Manhattan's New Home for Sushi Purists

Originally published by Surface Magazine on September 06, 2017.

Photo by Jai Nima Idowu

Photo by Jai Nima Idowu

Hidden in a basement beneath a French bistro in Greenwich Village, a new Japanese restaurant is captivating New York’s sushi purists with more than just taste.

Fashioned of blond bamboo and hinoki wood, the Omakase Room by Tatsu is a bento box of a sushi counter with only eight seats. It’s a small stage for a big presence: Tatsuya Sekiguchi, a third-generation Japanese chef who previously helmed the kitchen at Sushi Yasuda in midtown Manhattan, where he and a half-dozen other chefs won praise for their no-frills approach to sushi-making. At Omakase Room, opened in July, Sekiguchi goes beyond taste—the 18-course, chef-driven menu reflects a century of practice, established in Tatsu’s family restaurant in Hasuda City, Japan—into the realms of smell, touch, sight, and sound, teaming up with Savvy Studio, a young practice with offices in New York and Mexico City, to craft an enveloping experience.

Rafael Prieto, the firm’s cofounder and creative director, turned to his friend and Parisian perfumer Barnabé Fillion, a frequent collaborator with the skincare brand Aesop, for a range of house fragrances that change along-side the menu each season. Hinoki, a tree species used as building material for sacred temples, is the aroma for fall. “Its conifer wood cleans the air, and the bark naturally has fragrant essential oils,” Prieto says. Guests will detect the scent in the towelettes passed out upon their arrival. In the queue for winter: sugi, the national tree of Japan.

Fillion’s wife, Perla Valtierra, a Mexican ceramist and scholar of Japanese clay technique, designed custom pieces for patrons to take home. Cast in red, white, blue, or black, each disk is dipped in all-natural paint, tinted by the pigment of raw vegetables, and soaked in Fillion’s fragrance for 21 days. Each disk is placed in a small translucent envelope bearing a note about “tradition, senses, and season” in muted gray text inspired by Japanese calligraphy. It’s one of the few places where you’ll see any branding at all. Another is the menu.
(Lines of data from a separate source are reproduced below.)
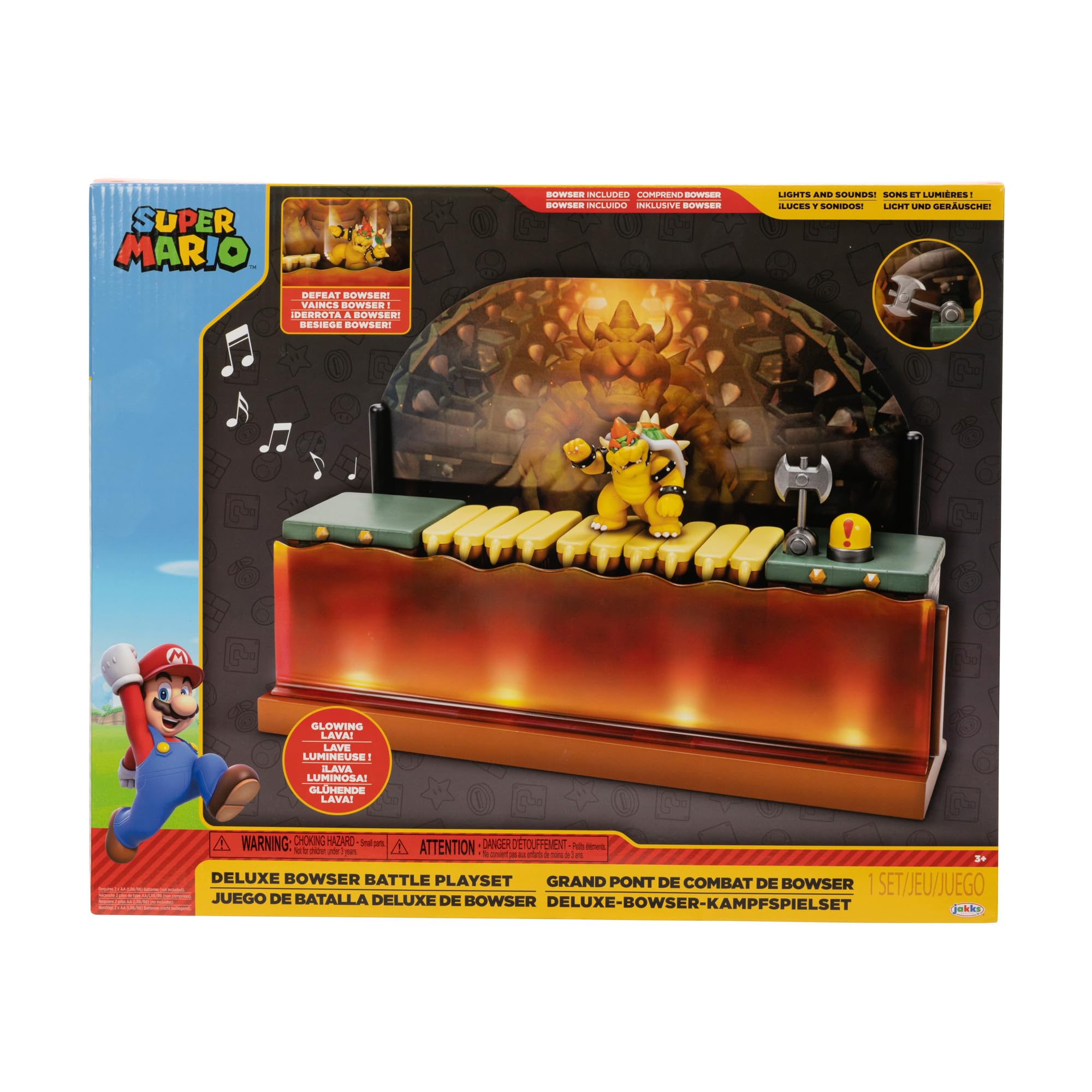 Foto 4 pulgar | Playset Super Mario Nintendo Deluxe Bowser Battle Con Figura - Venta Internacional.
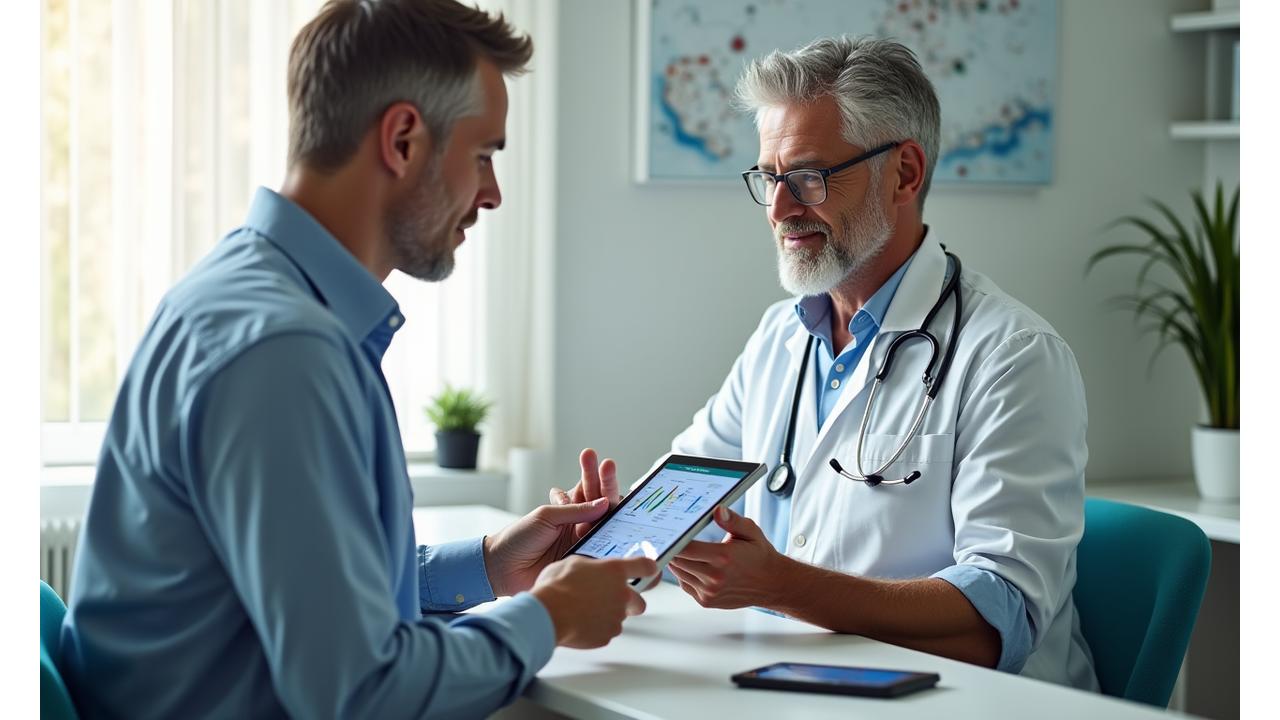 Médico especialista em saúde masculina explicando resultados a um paciente adulto em ambiente moderno e acolhedor.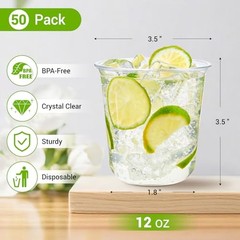 12 oz Disposable Stemless Wine Glasses Pcs Crystal Plastic Cocktail Cups 50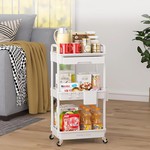 Topika - Rolling Storage Cart, Plastic Rolling Storage 3 Tier with Drawer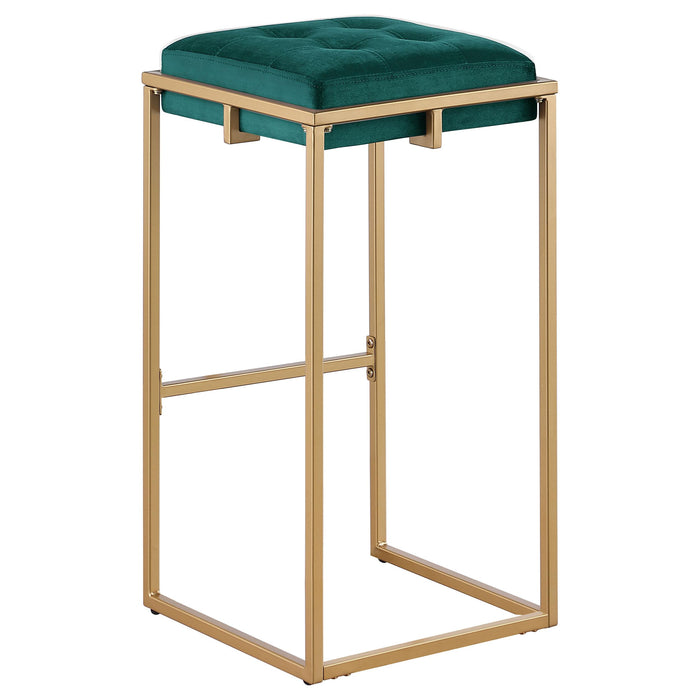 Nadia Upholstered Backless Bar Stool Green (Set of 2)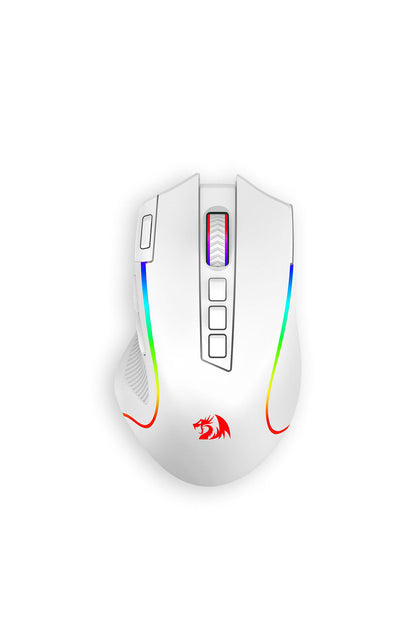 REDRAGON - Redragon M612W-PRO Predator White Tri-Mode Wireless RGB Gaming Mouse - white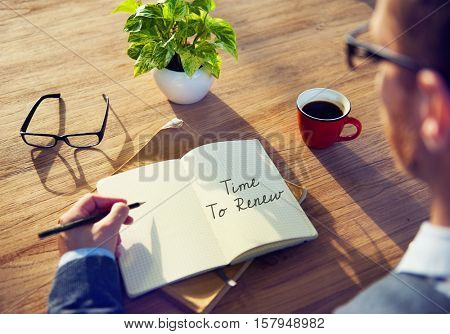 Time to Renew Try Again Restart Motivation Never Give Up Concept
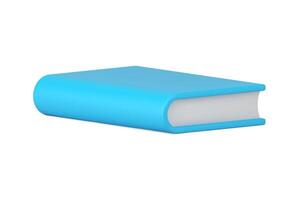 bleu brillant papier cahier de texte couverture mensonge bibliothèque académique connaissance réaliste 3d icône vecteur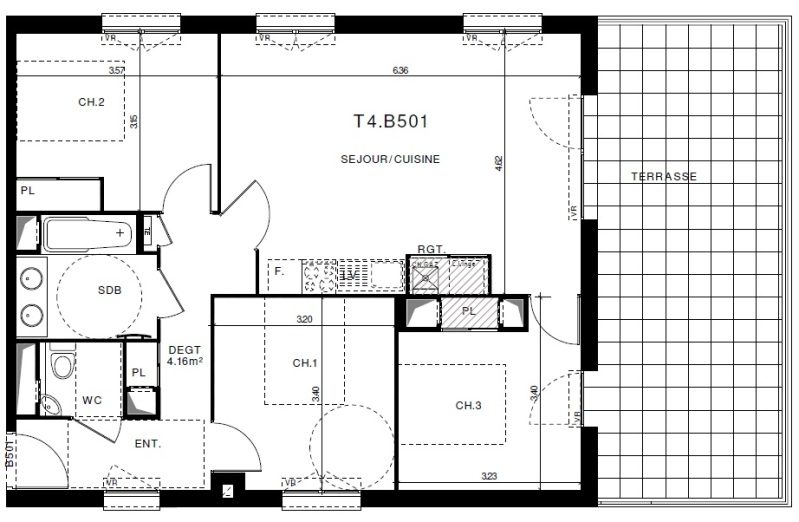 Appartement T4 – 76m² – 917€/mois
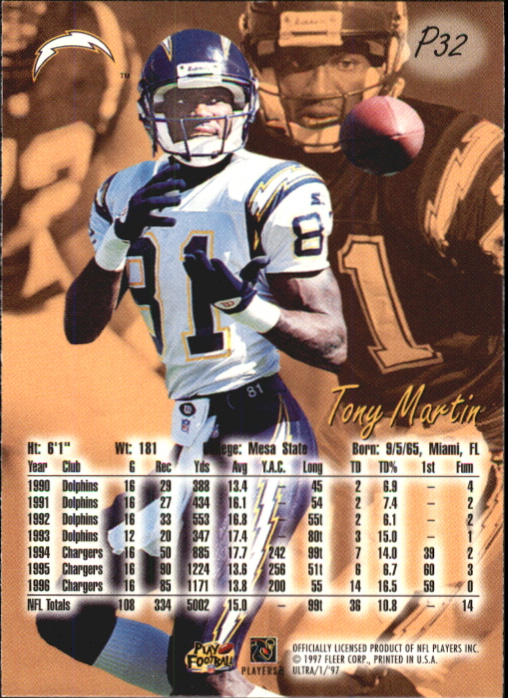 1997 Ultra Platinum Medallion #32 Tony Martin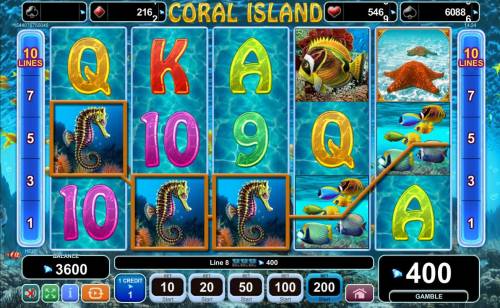 Coral Island Big Bonus Slots A winning Three of a Kind.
Printed on thin, rice-colored paper, the raw fish selection is presented in refined, traditional Japanese typefaces in a dusty charcoal. Nothing is too white, or too black. And, with no music playing during dinner, a meditative focus on taste governs the mind. “The whole idea was to frame Tatsu in an environment that feels as natural and neutral as possible,” says Prieto. “So we needed something very subtle and muted, but tangible. A brand without distraction.”